:: Extracted data ::

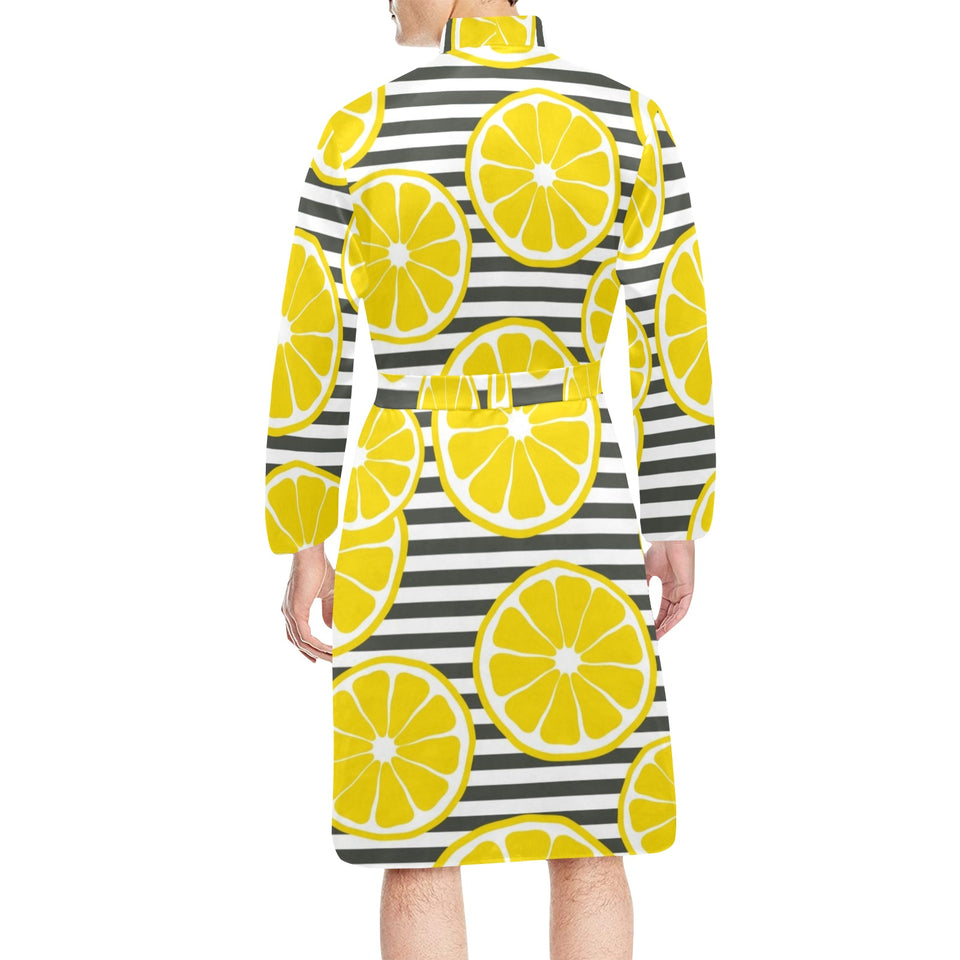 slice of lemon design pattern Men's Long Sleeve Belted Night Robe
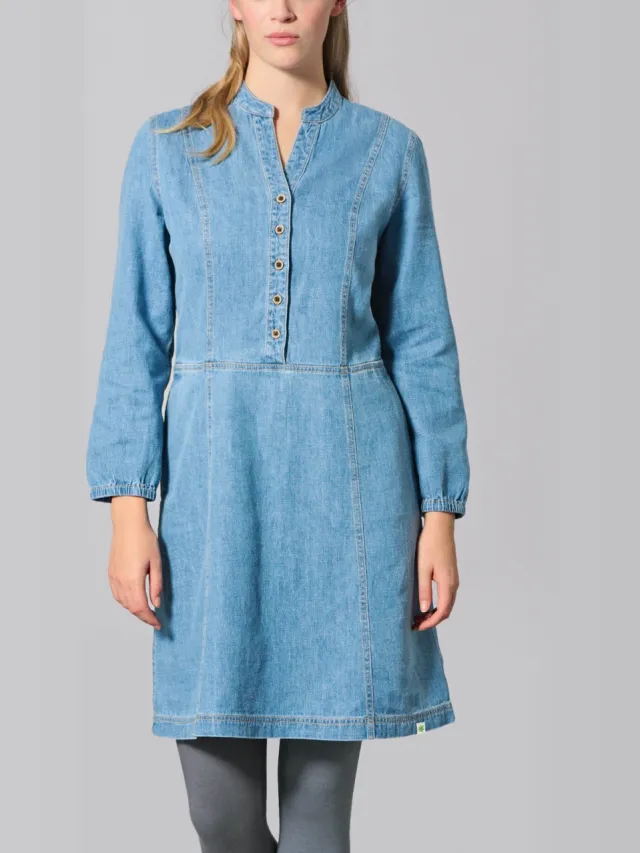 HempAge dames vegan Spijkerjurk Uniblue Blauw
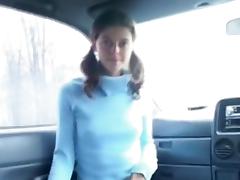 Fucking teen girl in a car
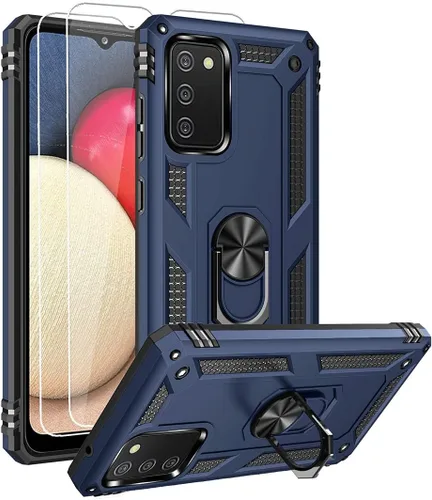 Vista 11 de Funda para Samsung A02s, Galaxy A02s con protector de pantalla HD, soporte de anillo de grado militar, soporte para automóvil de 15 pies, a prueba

:::
:: Extracted data ::

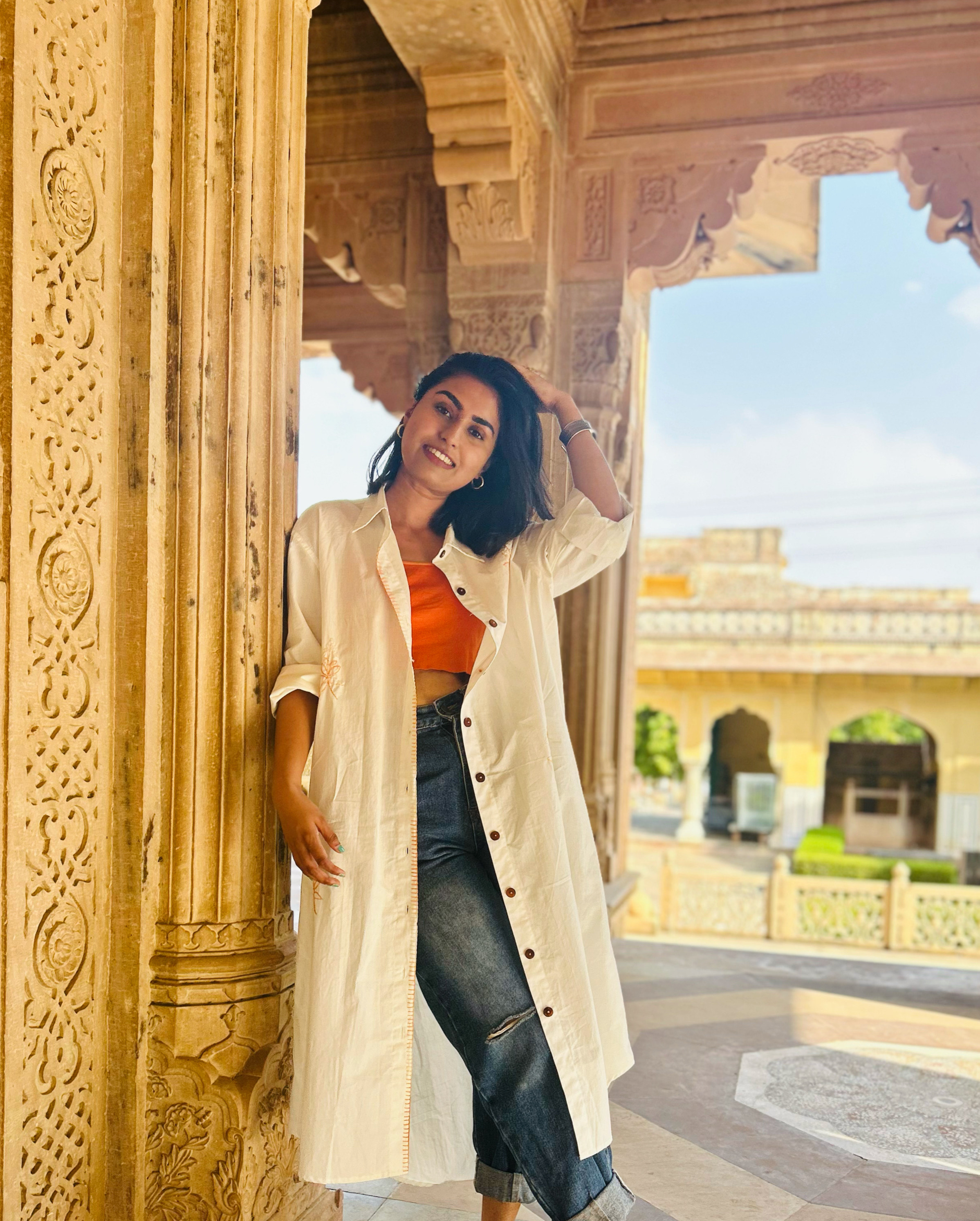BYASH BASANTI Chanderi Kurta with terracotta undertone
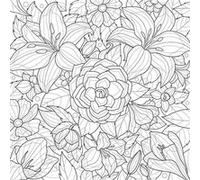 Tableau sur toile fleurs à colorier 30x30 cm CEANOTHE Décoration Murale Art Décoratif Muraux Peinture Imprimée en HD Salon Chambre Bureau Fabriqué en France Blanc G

:::

• _Task brief_: Only the lines above from the one containing "slice of lemon" through the one containing "Vista 11 de" should be returned, verbatim and inclusive, with pictures excluded.

• _Result_:
 slice of lemon design pattern Men's Long Sleeve Belted Night Robe
 HempAge dames vegan Spijkerjurk Uniblue Blauw
 Fucking teen girl in a car
 Vista 11 de Funda para Samsung A02s, Galaxy A02s con protector de pantalla HD, soporte de anillo de grado militar, soporte para automóvil de 15 pies, a prueba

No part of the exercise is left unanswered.